*Your assignment*
Only one stretch of the data below is needed. Output the lines from the one with "Classic Silver Metallic" up to and including the one with "دامن شلواری مازراتی جلو پیله", exactly as they stand.

Data excerpts:
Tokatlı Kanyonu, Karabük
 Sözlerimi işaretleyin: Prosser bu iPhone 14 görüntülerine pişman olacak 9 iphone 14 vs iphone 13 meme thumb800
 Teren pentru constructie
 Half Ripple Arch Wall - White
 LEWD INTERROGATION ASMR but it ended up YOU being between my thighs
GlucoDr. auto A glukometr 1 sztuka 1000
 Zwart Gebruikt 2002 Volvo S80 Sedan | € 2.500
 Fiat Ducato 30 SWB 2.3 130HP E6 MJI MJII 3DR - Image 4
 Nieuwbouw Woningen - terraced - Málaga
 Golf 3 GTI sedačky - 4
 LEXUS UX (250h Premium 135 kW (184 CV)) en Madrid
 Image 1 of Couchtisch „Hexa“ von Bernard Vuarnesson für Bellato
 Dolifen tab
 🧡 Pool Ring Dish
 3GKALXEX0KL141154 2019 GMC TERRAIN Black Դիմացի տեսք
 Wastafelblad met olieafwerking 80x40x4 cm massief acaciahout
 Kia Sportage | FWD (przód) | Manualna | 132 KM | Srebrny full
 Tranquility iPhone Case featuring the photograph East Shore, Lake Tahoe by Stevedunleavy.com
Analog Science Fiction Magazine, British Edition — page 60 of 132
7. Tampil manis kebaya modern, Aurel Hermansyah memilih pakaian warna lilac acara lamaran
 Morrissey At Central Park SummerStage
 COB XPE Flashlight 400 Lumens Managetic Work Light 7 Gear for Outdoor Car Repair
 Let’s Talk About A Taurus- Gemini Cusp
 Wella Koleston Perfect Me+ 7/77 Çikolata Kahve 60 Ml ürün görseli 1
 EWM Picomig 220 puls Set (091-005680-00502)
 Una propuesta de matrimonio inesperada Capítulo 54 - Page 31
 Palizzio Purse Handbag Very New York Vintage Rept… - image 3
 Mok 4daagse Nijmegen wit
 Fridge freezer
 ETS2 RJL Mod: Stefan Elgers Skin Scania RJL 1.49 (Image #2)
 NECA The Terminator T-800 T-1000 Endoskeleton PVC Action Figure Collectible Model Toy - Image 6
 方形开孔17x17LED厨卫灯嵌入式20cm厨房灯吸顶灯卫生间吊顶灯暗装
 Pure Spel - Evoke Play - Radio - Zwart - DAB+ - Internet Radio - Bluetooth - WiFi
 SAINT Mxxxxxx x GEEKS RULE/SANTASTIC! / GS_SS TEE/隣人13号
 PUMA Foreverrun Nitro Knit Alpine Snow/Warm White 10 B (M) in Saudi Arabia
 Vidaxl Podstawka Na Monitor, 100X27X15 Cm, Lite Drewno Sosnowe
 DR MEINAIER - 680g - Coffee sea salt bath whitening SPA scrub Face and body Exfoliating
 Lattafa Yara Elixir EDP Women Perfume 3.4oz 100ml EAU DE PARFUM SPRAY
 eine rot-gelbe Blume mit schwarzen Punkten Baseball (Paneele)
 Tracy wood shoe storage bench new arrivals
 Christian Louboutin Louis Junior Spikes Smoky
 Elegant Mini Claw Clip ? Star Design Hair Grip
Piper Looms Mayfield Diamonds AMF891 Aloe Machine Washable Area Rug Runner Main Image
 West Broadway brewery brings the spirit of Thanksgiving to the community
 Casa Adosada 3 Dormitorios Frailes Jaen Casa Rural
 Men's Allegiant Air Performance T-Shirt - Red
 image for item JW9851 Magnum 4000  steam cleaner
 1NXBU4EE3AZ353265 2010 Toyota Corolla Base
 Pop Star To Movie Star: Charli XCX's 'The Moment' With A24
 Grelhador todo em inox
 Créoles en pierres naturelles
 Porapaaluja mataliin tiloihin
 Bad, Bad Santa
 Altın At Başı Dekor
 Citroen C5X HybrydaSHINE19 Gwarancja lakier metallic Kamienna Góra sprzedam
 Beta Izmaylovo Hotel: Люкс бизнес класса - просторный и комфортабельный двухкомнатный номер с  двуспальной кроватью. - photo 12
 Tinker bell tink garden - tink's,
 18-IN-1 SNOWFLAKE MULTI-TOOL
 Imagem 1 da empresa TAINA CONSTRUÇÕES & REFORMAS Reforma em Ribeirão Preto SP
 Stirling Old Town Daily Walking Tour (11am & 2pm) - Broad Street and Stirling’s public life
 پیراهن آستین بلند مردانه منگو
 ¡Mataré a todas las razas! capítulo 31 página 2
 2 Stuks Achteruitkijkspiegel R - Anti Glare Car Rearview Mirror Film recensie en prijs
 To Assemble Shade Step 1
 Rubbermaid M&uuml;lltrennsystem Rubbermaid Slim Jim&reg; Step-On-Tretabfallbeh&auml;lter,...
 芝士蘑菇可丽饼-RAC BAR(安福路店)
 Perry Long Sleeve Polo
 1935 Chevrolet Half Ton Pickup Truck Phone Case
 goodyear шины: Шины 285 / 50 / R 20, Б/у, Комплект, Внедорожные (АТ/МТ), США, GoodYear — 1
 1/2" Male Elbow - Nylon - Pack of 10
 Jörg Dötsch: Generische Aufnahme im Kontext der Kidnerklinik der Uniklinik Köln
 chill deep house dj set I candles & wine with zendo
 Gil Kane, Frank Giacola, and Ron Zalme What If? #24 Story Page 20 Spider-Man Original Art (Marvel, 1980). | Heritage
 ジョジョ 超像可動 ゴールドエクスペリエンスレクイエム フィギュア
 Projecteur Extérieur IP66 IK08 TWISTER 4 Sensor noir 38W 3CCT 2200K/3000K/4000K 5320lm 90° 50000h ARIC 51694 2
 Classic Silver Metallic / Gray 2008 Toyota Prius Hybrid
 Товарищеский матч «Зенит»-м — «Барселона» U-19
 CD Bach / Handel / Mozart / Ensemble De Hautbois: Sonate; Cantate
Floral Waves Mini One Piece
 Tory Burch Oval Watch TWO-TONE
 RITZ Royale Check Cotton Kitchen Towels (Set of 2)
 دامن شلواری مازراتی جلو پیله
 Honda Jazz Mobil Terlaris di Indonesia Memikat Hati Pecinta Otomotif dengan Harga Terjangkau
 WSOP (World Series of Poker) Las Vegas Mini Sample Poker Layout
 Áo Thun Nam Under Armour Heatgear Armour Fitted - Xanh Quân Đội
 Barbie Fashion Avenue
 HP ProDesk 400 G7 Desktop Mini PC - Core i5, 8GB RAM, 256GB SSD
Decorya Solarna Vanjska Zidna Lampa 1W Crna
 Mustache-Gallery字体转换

*Result of the task*
 Classic Silver Metallic / Gray 2008 Toyota Prius Hybrid
 Товарищеский матч «Зенит»-м — «Барселона» U-19
 CD Bach / Handel / Mozart / Ensemble De Hautbois: Sonate; Cantate
Floral Waves Mini One Piece
 Tory Burch Oval Watch TWO-TONE
 RITZ Royale Check Cotton Kitchen Towels (Set of 2)
 دامن شلواری مازراتی جلو پیله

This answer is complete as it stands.